L 1 AS 3844/11

Land
Baden-Württemberg
Sozialgericht
LSG Baden-Württemberg
Sachgebiet
Grundsicherung für Arbeitsuchende
Abteilung
1
1. Instanz
SG Karlsruhe (BWB)
Aktenzeichen
S 14 AS 3509/10
Datum
2. Instanz
LSG Baden-Württemberg
Aktenzeichen
L 1 AS 3844/11
Datum
3. Instanz
Bundessozialgericht
Aktenzeichen
-
Datum
-
Kategorie
Urteil
Die Berufung des Klägers gegen den Gerichtsbescheid des Sozialgerichts Karlsruhe vom 24. August 2011 wird zurückgewiesen.

Außergerichtliche Kosten sind auch im Berufungsverfahren nicht zu erstatten.

Tatbestand:

Im Streit steht die Rechtmäßigkeit der Anrechnung einer Steuerrückerstattung aus dem Jahr 2009 auf Leistungen nach dem Sozialgesetzbuch Zweites Buch (SGB II) für die Zeit von Mai bis Juli 2010.

Der Kläger bezog Leistungen nach dem SGB II. Seit 1. Mai 2011 steht der Kläger in einem Beschäftigungsverhältnis und nicht mehr im Leistungsbezug.

Seinem Antrag auf Weiterbewilligung von Leistungen vom 22. März 2010, betreffend den Leistungszeitraum ab 1. Mai 2010, war eine Übersicht über sein Girokonto für die Zeit vom 21. Dezember 2009 bis 21. März 2010 beigefügt. Daraus ist ersichtlich, dass dem Kläger am 11. März 2010 855,48 EUR vom Finanzamt E. aus der Einkommenssteuerveranlagung 2009 gutgeschrieben worden sind.
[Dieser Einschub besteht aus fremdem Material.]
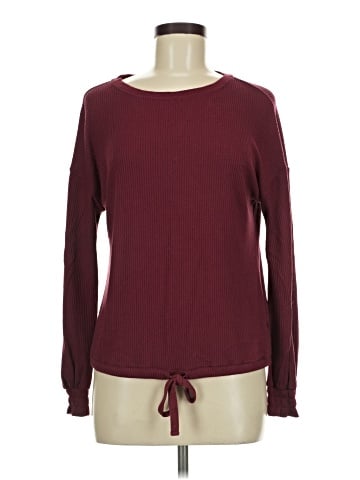 Scoop Long Sleeve T-Shirt (view 1)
Mit Bescheid vom 8. April 2010 bewilligte der Beklagte dem Kläger Leistungen zur Sicherung des Lebensunterhalts für die Zeit vom 1. Mai bis 31. Juli 2010 in Höhe von monatlich 103,84 EURund für die Zeit vom 1. August bis 31. Oktober 2010 von monatlich 359,- EUR. Zur Begründung war ausgeführt, dass die Steuerrückerstattung aus dem Jahr 2009 in Höhe von 855,48 EUR mit Zufluss des Geldes im Monat März 2010, um lückenlosen Krankenversicherungsschutz zu gewährleisten, in drei Monatsraten à 285,16 EUR (abzüglich einer Pauschale von 30,- EUR monatlich) ab 1. Mai 2010 auf die Regelleistung unter sonstigem Einkommen angerechnet worden sei.

Dagegen erhob der Kläger Widerspruch und führte aus, für ihn stelle die Steuerrückerstattung kein Einkommen, sondern Vermögen dar, so dass der Bescheid fehlerhaft sei.

Mit Widerspruchsbescheid vom 5. August 2010 wies der Beklagte den Widerspruch zurück. Die während des Bedarfszeitraums zugeflossene Einkommenssteuererstattung stelle auch nach der Rechtsprechung des Bundessozialgerichts (BSG) Einkommen im Sinne des § 11 Abs. 1 SGB II dar und nicht Vermögen. Die Steuererstattung sei als einmalige Einnahme nach § 2 Abs. 4 der Arbeitslosengeld-II/Sozialgeld-Verordnung (Alg II-V) auf einen angemessenen Zeitraum verteilt anzurechnen. Dies sei ab Mai geschehen, da Leistungen für den Zuflussmonat März und den nachfolgenden Monat April bereits erbracht worden seien. Die Verteilung der Anrechnung auf drei Monate sei nicht zu beanstanden.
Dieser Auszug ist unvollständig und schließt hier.